Rates for deduct of tax at source Taxes shall be deducted at the rates specified in the relevant provisions of the Act or the First Schedule to the Finance Act. However, in case of payment to non-resident persons, the withholding tax rates specified under the Double Taxation Avoidance Agreements shall also be considered. Usually, every employer deducts Tax Deducted at Source (TDS) from the salary, what is known as the ‘average rate of income tax’ of the employee for the year. It is denoted as the average income tax rate equal to income tax liability (arrived at based on slab rates) divided by the employee’s predictable income for the assessment year.
“Filing TDS returns is mandatory for all the persons who have deducted TDS,” stated Archit Gupta, Founder & CEO of Clear. The TDS return must be filed on a quarterly basis and must include a number of details, including the TAN, the amount of TDS deducted, the type of payment, the deductee’s PAN, etc. Furthermore, depending on the reason for the TDS deduction, distinct forms must be used when submitting returns.” In accordance with Section 206AA of the Income Tax Act,1961 the deductor will deduct TDS at the higher of the rates specified in the applicable Act provisions or 20% if you fail to provide your Permanent Account Number (PAN). TDS is withheld in accordance with Section 192 of the Income Tax Act at the time salary is actually paid, not when salary is accruing.
It indicates that whether your employer pays your wage upfront, on schedule, or in arrears (late payment), tax will be withheld. Calculation of taxable Income of the employee Step 1: First, the employer estimates the employee’s salary for the relevant financial year. This should include basic pay, dearness allowance, perquisites granted by the employer, other allowances granted by the employer like HRA, LTA, meal coupons, etc., EPF contributions, bonus, commissions, gratuity, salary from the previous employer, if any, etc. Step 2: The employer next computes exemptions in accordance with Section 10 of the Income Tax Act.
Allowances such as HRA, uniform costs, travel expenses, and children’s education allowances are all exempt from the rules. Reduce the entertainment allowance, professional tax paid, and the normal deduction of Rs 50,000 as well. Step 3: The net amount is regarded as taxable salary income after the employer deducts such exemption from the gross monthly income. Step 4: If the employee has provided information about other incomes, such as rental income from house property, bank deposits, etc., such amounts should be added to the net taxable salary.

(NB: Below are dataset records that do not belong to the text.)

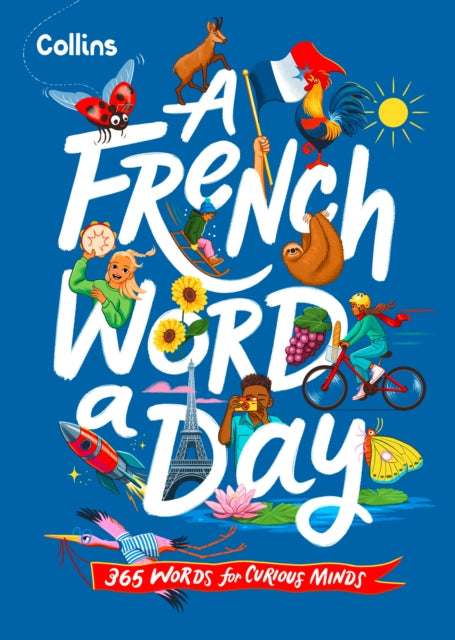 A French Word A Day: 365 Words for Curious Minds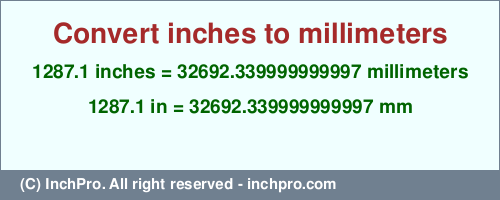 1287.1 inches to mm is equal to 32692.339999999997 (mm) Result converting 1287.1 inches to mm = 32692.339999999997 millimeters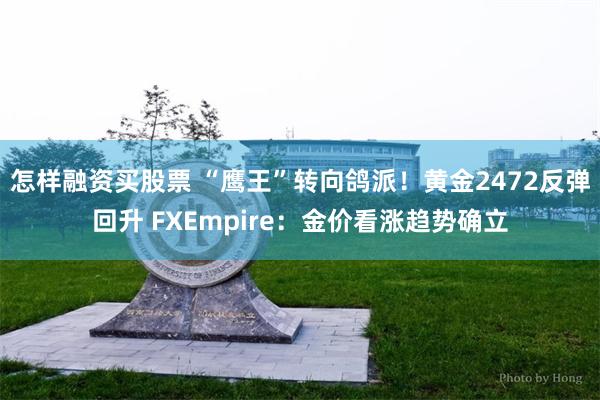 怎样融资买股票 “鹰王”转向鸽派！黄金2472反弹回升 FXEmpire：金价看涨趋势确立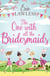 The One with All the Bridesmaids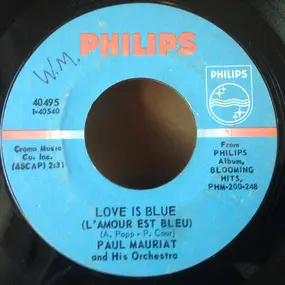 Paul Mauriat And His Orchestra - Love Is Blue (L'Amour Est Bleu) / Sunny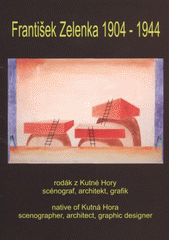 kniha František Zelenka, 1904-1944 rodák z Kutné Hory, scénograf, architekt, grafik : České muzeum stříbra v Kutné Hoře, 18.9.-2.11.2008 = František Zelenka, 1904-1944 : native of Kutná Hora, scenographer, architect, graphic designer : Czech Museums of Silver in Kutná Hora, 18.9.-2.11.2008, České muzeum stříbra 2008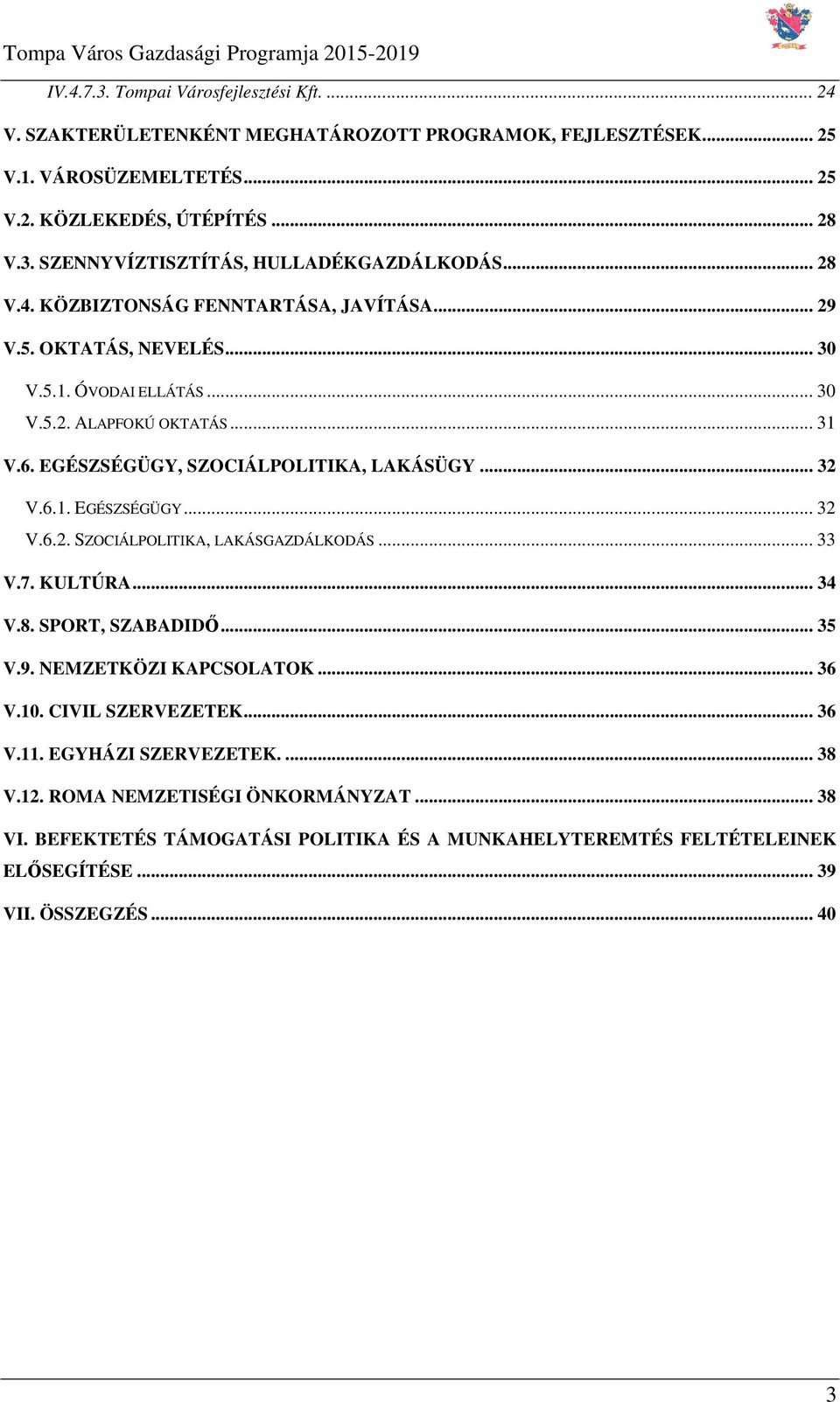 .. 33 V.7. KULTÚRA... 34 V.8. SPORT, SZABADIDŐ... 35 V.9. NEMZETKÖZI KAPCSOLATOK... 36 V.10. CIVIL SZERVEZETEK... 36 V.11. EGYHÁZI SZERVEZETEK.... 38 V.12. ROMA NEMZETISÉGI ÖNKORMÁNYZAT... 38 VI.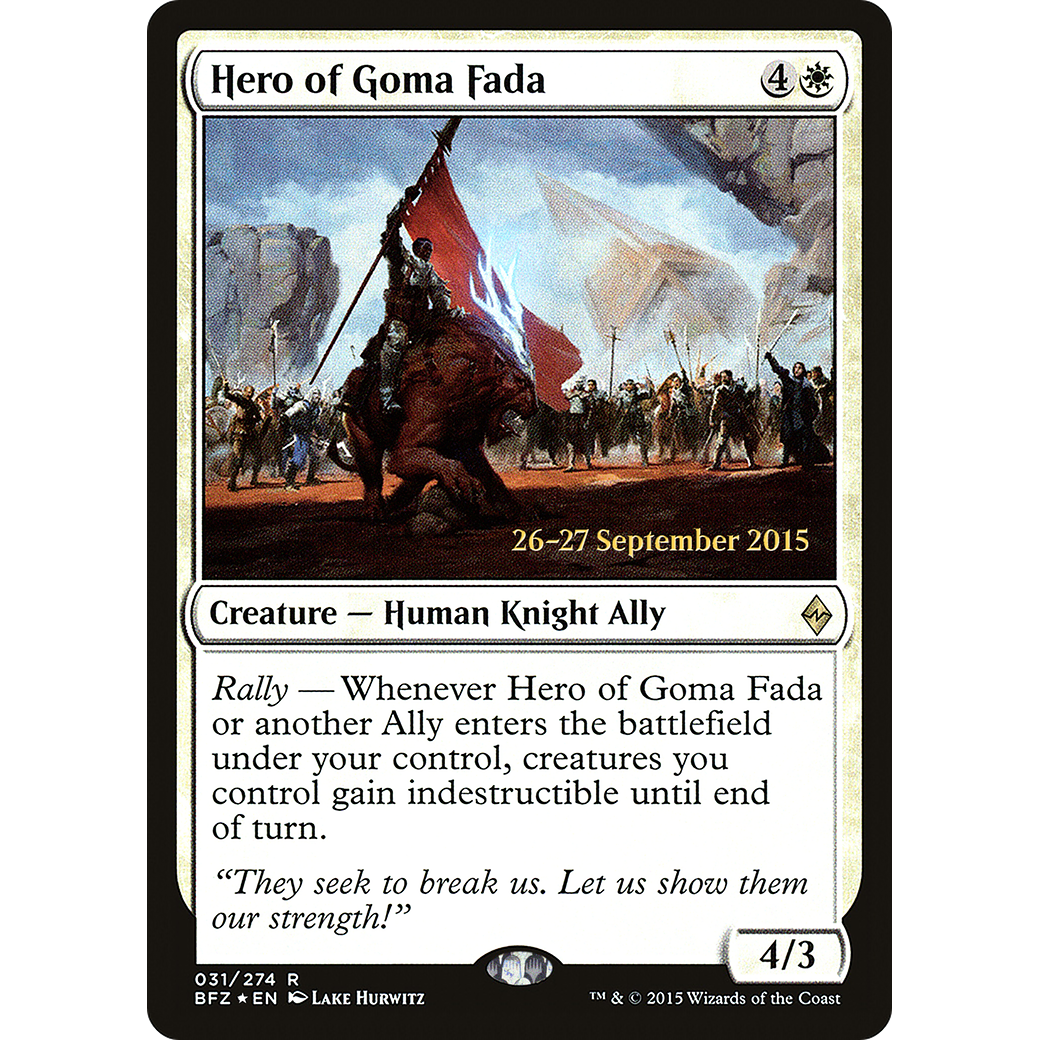 Hero of Goma Fada (PRE-031) - Battle for Zendikar Promos Foil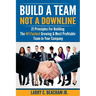 Build A Team, Not A Downline: 21 Principles for Building The #1 Fastest Growing and Most Profitable Team in Your Company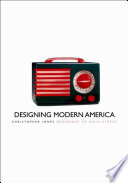 Designing modern America : Broadway to Main Street /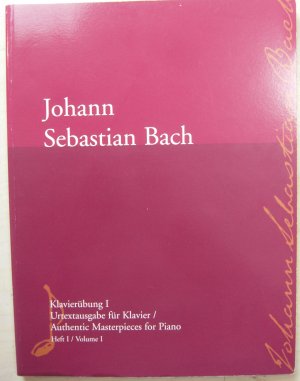 gebrauchtes Buch – Bach, Johann Sebastian – Johann Sebastian Bach Klavierübung 1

Further, the interest paid on housing loans is deducted from the house property income, but if there is no income from the house property, there will be a negative figure under the head’s income from the house property.
After adding or reducing the said amounts, the calculated figure will be the employee’s gross total income. Step 5: Now, the employer reduces the investments for the year, which fall under Chapter VI-A of the Income Tax Act declared by the employees as per the investment declaration submitted. The declaration may include the amounts of investments such as PPF, employee’s provident fund, ELSS mutual funds, NSC, and Sukanya Samridhi account. It may also include income expenditures such as home loan repayment, life insurance premiums, NSC, Sukanya Samridhi account, etc.
The employer may deduct income tax in accordance with the chosen tax regime. Furthermore, the majority of the exclusions and deductions permitted under the previous tax regime are prohibited under the Income Tax Act if the employee has indicated that they would calculate their income tax in accordance with the current tax regime. As a result, the employer will determine the net taxable income under the employee’s selected income tax system.